In step #5 you moved into the directory /var/www/ and in step #6 you created a file in that directory which stores the username and password a visitor needs to enter in order to access the subdomain. There’s a good reason why we created the file in that particular directory; the /var/www/ directory is not accessible via the Internet or FTP, rendering anything you put in there fairly safe and hidden from prying eyes.

One Subdomain Complete, Now the Other

First, a summary and an explanation: by following the steps above you created a subdomain in Plesk, called test, and password-protected it using a command-line interface. If you were following along closely, you might have noticed that the second necessary file you created in step #6 was called .htpasswd_test. The ‘_test,’ tacked onto the end of ‘.htpasswd,’ represented the particular subdomain we were protecting: test.bostonwebstudio.com. If you were only ever protecting one subdomain, that file name could have remained ‘.htpasswd,’ but since we need two of these files, one for each subdomain, each file must have a unique name. My use of an underscore followed by the subdomain name is simply my personal preference; you may use any method/style you like, just be sure to use unique file names when protecting more than one subdomain.

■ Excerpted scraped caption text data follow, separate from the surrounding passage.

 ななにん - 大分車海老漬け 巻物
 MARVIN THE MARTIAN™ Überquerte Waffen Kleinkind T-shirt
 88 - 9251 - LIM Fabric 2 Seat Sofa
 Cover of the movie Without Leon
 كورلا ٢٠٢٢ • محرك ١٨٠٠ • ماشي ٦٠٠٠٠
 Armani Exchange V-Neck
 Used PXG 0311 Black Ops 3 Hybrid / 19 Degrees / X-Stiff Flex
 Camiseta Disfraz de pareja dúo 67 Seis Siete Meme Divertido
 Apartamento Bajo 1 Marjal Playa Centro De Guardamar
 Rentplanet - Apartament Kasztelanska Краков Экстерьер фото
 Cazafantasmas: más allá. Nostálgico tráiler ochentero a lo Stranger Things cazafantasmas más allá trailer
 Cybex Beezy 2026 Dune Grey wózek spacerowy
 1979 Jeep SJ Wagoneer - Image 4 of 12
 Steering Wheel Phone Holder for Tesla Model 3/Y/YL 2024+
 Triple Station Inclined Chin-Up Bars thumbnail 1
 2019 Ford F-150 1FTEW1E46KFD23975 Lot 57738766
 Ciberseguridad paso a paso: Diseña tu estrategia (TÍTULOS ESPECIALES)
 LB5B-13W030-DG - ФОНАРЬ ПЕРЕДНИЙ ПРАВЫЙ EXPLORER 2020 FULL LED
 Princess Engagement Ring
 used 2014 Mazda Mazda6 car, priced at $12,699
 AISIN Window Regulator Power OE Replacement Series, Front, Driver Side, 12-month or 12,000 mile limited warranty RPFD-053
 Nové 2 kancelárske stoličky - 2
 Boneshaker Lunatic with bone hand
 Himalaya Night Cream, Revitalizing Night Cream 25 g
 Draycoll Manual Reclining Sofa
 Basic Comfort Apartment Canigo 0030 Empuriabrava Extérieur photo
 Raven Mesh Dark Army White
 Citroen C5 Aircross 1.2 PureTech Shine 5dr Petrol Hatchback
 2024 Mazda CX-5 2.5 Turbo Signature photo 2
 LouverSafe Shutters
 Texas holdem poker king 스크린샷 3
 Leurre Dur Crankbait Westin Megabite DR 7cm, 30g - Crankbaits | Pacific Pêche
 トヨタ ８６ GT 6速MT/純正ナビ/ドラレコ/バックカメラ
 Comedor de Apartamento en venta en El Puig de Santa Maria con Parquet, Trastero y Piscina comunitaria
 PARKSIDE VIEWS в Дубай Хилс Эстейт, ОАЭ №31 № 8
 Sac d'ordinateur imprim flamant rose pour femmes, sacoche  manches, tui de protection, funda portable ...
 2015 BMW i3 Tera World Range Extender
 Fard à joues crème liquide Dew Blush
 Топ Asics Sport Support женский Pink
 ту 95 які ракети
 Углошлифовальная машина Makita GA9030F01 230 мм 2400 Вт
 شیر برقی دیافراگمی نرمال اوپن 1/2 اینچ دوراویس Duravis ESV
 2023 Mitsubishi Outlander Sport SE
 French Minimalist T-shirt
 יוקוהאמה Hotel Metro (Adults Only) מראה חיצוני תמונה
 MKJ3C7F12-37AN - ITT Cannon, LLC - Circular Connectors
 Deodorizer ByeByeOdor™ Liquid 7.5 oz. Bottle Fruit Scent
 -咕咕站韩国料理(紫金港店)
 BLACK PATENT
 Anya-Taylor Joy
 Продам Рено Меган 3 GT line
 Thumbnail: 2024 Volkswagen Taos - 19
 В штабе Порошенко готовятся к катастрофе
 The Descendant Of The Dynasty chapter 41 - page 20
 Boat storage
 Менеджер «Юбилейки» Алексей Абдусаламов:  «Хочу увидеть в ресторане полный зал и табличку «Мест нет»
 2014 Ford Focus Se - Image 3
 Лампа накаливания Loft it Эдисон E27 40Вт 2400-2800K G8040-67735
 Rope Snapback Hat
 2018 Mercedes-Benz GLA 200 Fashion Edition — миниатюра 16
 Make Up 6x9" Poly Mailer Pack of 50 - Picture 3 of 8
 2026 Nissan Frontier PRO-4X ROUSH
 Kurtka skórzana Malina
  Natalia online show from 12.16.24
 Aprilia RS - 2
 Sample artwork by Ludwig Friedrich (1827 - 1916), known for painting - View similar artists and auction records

Finally, in order to password-protect another subdomain, you simply repeat the steps above—starting with creating a subdomain in Plesk—while making sure that you move into the new subdirectory (step #2) and that you use a different filename for the second necessary file (referenced in step #4 and defined in step #6). If you were to follow the same conventions as above, the second subdomain’s .htpasswd file would instead be called ‘.htpasswd_example’

Disclaimer

Please remember, I am not a ‘web server pro’ by any means, I simply want to explain what worked for me in my particular environment/situation. I assume no responsibility if you wreak havoc on your web server by following these instructions; you do so at your own risk. In fact, I’d recommend that you consult your doctor before applying this information…

Additionally, I welcome any and all advice from anybody who can further improve these instructions.